Scientific classification
- Kingdom: Animalia
- Phylum: Chordata
- Class: Amphibia
- Order: Anura
- Family: Hylidae
- Genus: Sarcohyla
- Species: S. hapsa
- Binomial name: Sarcohyla hapsa Campbell, Brodie, Caviedes-Solis, Nieto-Montes de Oca, Luja, Flores-Villela, García-Vázquez, Sarker, and Wostl, 2018

= Sarcohyla hapsa =

- Authority: Campbell, Brodie, Caviedes-Solis, Nieto-Montes de Oca, Luja, Flores-Villela, García-Vázquez, Sarker, and Wostl, 2018
- Conservation status: LC

Species of frog

Sarcohyla hapsa, the northern streamside tree frog, is a frog in the family Hylidae, endemic to Mexico.

==Range and habitat==
Scientists have seen it between 1,280 and 2,550 meters above sea level in the southern Sierra Madre Occidental from Durango to Nayarit states, the Trans-Mexican Volcanic Belt of Michoacán, Morelos, Guerrero, and Mexico states, and the northern Sierra Madre del Sur of Jalisco and Michoacán states.

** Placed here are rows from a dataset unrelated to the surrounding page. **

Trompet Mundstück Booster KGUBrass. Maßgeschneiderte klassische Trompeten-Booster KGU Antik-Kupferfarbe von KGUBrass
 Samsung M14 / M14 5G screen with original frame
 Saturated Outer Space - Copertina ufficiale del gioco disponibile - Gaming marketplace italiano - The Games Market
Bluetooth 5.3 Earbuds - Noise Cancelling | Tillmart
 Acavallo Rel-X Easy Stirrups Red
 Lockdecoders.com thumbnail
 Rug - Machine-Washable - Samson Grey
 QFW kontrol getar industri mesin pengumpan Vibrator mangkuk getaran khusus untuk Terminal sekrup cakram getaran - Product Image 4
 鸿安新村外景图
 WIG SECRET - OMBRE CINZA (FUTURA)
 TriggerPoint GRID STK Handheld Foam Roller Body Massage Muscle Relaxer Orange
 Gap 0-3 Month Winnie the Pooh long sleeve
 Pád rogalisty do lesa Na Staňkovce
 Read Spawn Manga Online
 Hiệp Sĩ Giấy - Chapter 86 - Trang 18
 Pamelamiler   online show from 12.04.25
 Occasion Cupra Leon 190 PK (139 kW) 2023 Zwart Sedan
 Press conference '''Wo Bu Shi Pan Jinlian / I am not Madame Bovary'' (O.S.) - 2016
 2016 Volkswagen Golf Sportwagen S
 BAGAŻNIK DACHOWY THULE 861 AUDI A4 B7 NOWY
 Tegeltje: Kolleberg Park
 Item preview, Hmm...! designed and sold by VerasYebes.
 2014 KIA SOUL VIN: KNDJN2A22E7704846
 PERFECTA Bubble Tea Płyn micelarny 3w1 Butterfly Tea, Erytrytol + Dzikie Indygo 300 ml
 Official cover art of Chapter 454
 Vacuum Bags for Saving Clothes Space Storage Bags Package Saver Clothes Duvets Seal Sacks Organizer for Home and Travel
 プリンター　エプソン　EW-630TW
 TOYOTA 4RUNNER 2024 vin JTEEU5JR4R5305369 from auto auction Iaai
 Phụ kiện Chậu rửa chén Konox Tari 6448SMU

This species is found along mountain streams in humid montane pine-oak, pine, and pine-fir forests, where it dwells in streamside vegetation.

==First paper==
- Jonathan A Campbell (2018). "Systematics of the frogs allocated to Sarcohyla bistincta sensu lato (Cope, 1877), with description of a new species from Western Mexico."